Harvesting the herbs and spices of fall
My kitchen is awash with the perfume of fall herbs and spices that stir up nostalgic childhood memories. Cinnamon, cardamom and nutmeg along with Simon and Garfunkel’s parsley, sage, rosemary and thyme are tickling my olfactory senses.
Even the neophyte cooks get inspired this time of year. Recently a newlywed wanted to surprise her husband with his favorite dessert - mint chocolate mousse - and asked me if she could substitute a dab of mint toothpaste for fresh mint leaves. Hold the Aquafresh and try a sprinkle of ginger powder or pumpkin pie spice if you don’t have any edible mint on hand. Here’s a primer on the sweet and savory herbs and spices of autumn to enhance your dishes and boost your immune system as flu season’s just around the corner.
For the savories, pepper (nothing to sneeze at) is a wonderful attention getter sprinkled in hot chocolate or eggnog as well as dialing up the robust flavors of roasts with a peppercorn garlic drizzle. Green, black and white peppercorns are the unripe berries from tropical vines. They keep their flavor and freshness best when kept whole, so grind as you need. Since pepper is an irritant, it works like a homeopathic Dristan when you have a head cold or the flu.
Red pepper or cayenne is extracted from the seeds and pods of capsicum peppers native to Mexico, Central America and the West Indies. Cayenne spikes up the personalities of stews, chilis, soups and tomato sauces. Handle cayenne with kid gloves - never your bare hands. It is also a powerful antioxidant, and since it irritates the mucous membranes like the other peppers, it clears the sinuses too.
Sage, a member of the mint family and first cousin to basil, marjoram and oregano comes from the leaves and blossoms of an evergreen shrub. Sage adds a mildly spicy kick to salads, fruit dishes and holiday stuffings. And if your throat’s getting scratchy, make a sage rinse and gargle away.
Turmeric is a golden aromatic powder from the rhizomes or underground stems of the curcuma plant. Turmeric’s nickname is “Indian saffron” since it is used as a substitute for the world’s priciest spice. It’s slightly more bitter than the real saffron so go light when sprinkling into veggie stews, rice or pasta dishes. This spice is also a super antioxidant known for its anti-inflammatory properties.
Finally, the seeds or fruit of fennel amp up baby greens and Italian sausages, and make a flavorful seedy crust for wild salmon. Try grilling fish over a fire of fennel twigs for a distinct anise or licorice flavor. And for tender tummies, crush fennel seeds and brew as a soothing tea.
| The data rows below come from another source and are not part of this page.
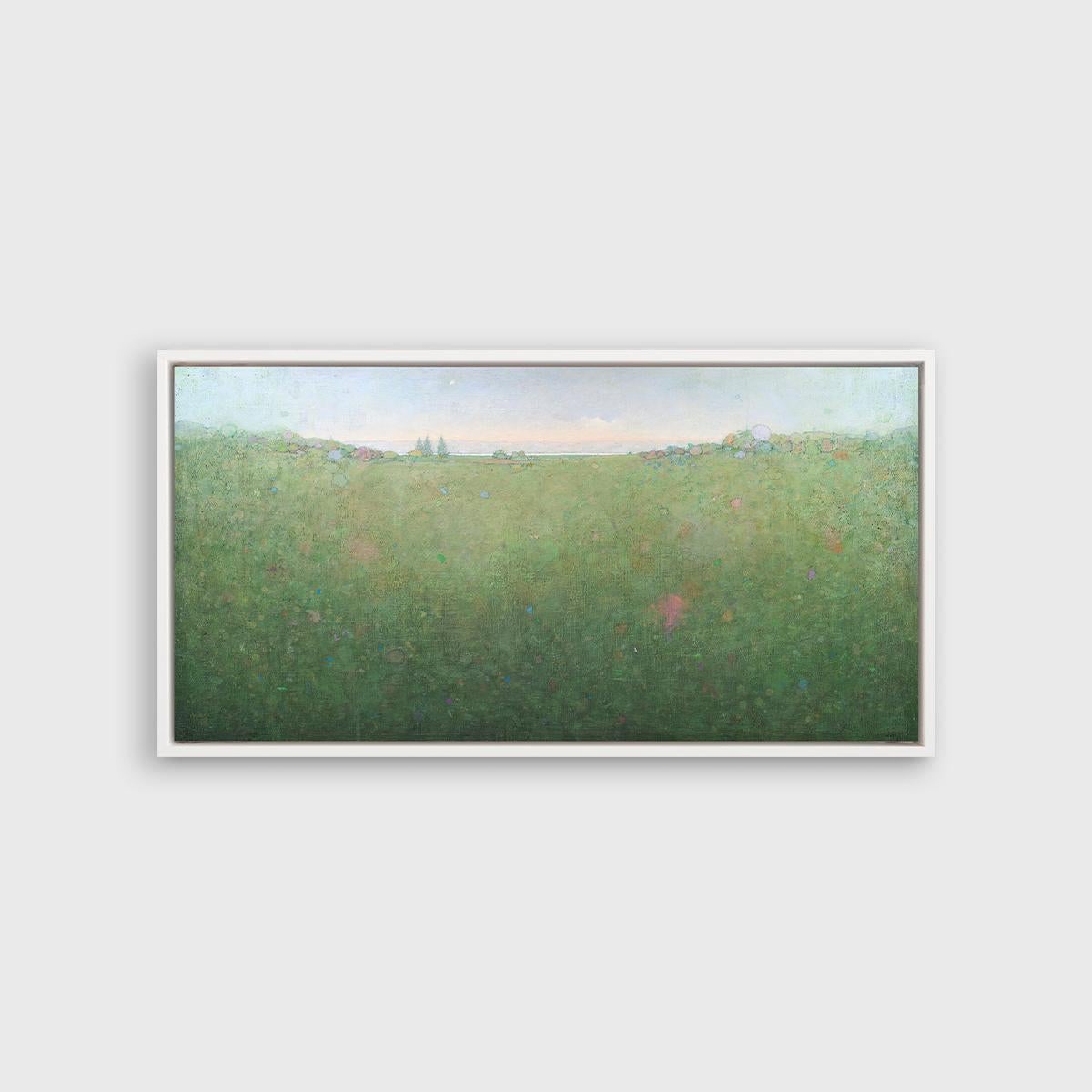 Ce paysage abstrait imprimé en édition limitée par Elwood Howell présente une palette de verts froids et de bleus pâles. La ligne d'horizon élevée caractéristique de l'artiste forme une très légère vallée au centre, bordée de formes telles que des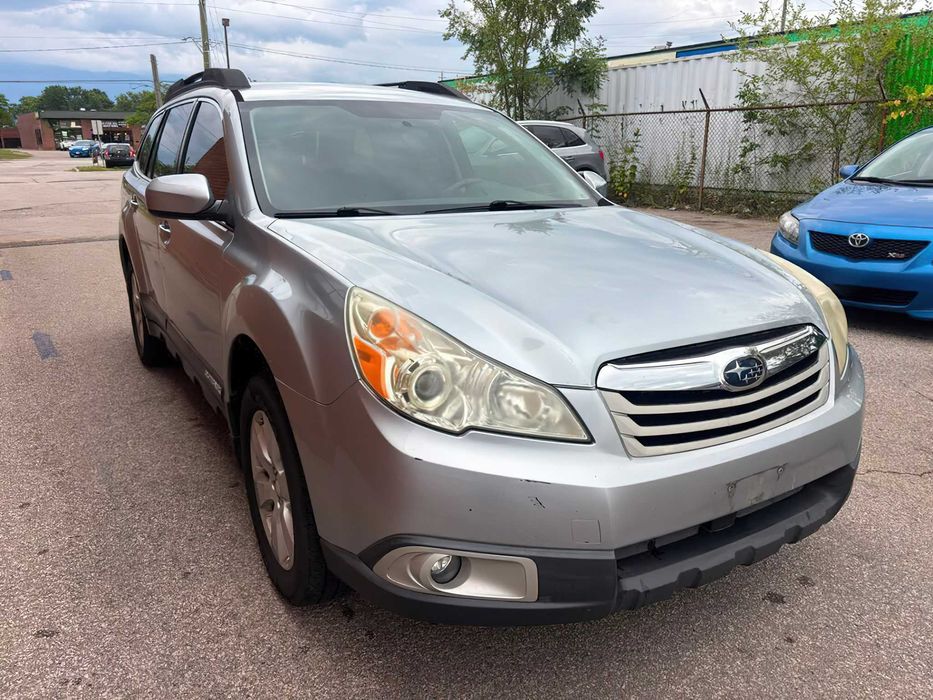 Subaru Outback 2.5i Limited      2013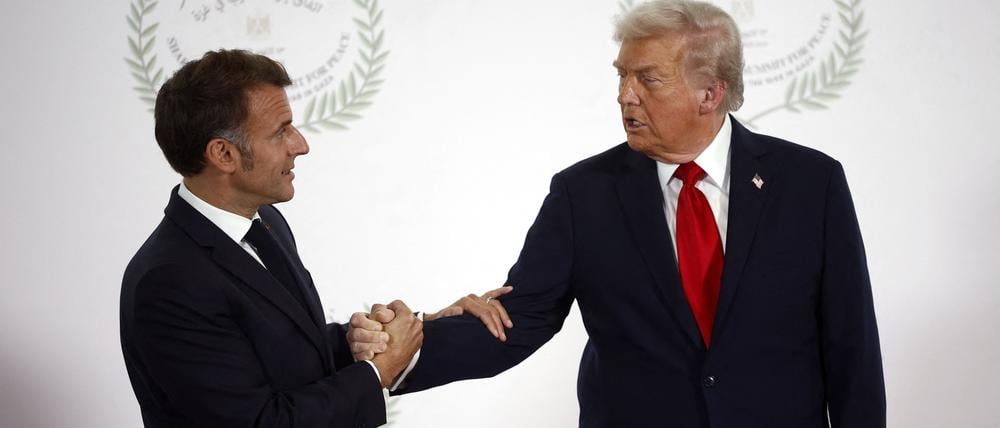 Macron und Trump schütteln Hände.
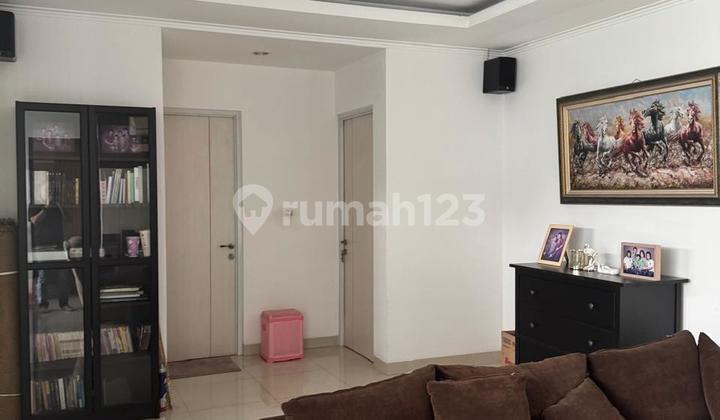 Rumah Bagus 2 Lantai Sektor 9 Siap Huni Lokasi Strategis Bintaro Jaya Tangerang Selatan SHM Nego 2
For the sweet autumn spices, my first pick is cinnamon that comes from the bark of a tropical evergreen tree. It jazzes up oatmeal, apple pie and even stews and lasagna.
For her open houses, my real estate agent friend heats a pan of cinnamon water in the oven to infuse the kitchen with the magnificent scent. Along with selling houses, cinnamon is good for lowering blood sugar levels of diabetics, and to induce sweating with the flu and colds.
The third most expensive spice behind saffron and vanilla is cardamom. A native to India, these dried seeds perk up a cup of joe, curry and chili dishes, hamburgers and pie crusts. Cardamom also works wonders on indigestion in case you’ve overdosed on those curry or chili dishes.
The evergreen nutmeg tree produces two spices - mace and nutmeg. The latter comes from the seed kernel while mace is produced from the lacy covering of the dried fruit. Nutmeg enhances the flavor of pumpkin pies and breads, but please, sprinkle with care since high doses can cause hallucinations and other adverse effects.
Here’s a divine recipe for pumpkin bread that will fill your kitchen with the wonderful spices of fall and also use up that leftover Halloween pumpkin.
Pumpkin Pecan Bread
- 3 cups of unbleached flour
- 2 1/2 cups of brown sugar
- 1 teaspoon of baking powder
- 1 teaspoon of salt
- 1 teaspoon of cinnamon
- 1 teaspoon of nutmeg
- 2 teaspoons of allspice
- 16 ounces of pumpkin puree
- 2/3 cup of warm water
- 1 cup of grapeseed oil
- 4 eggs
- 2 teaspoons of vanilla extract
- 1 cup of raisins
- 1/2 cup of chopped pecans
Preheat the oven to 350 degrees Fahrenheit.
Soak the raisins in the water and set aside.
In a mixing bowl, add the dry ingredients. In another bowl, combine the remaining ingredients, including the raisins and water, then blend with the dry.
Bake in two greased loaf pans for one hour or until the toothpick comes clean. Serve warm with pumpkin gelato.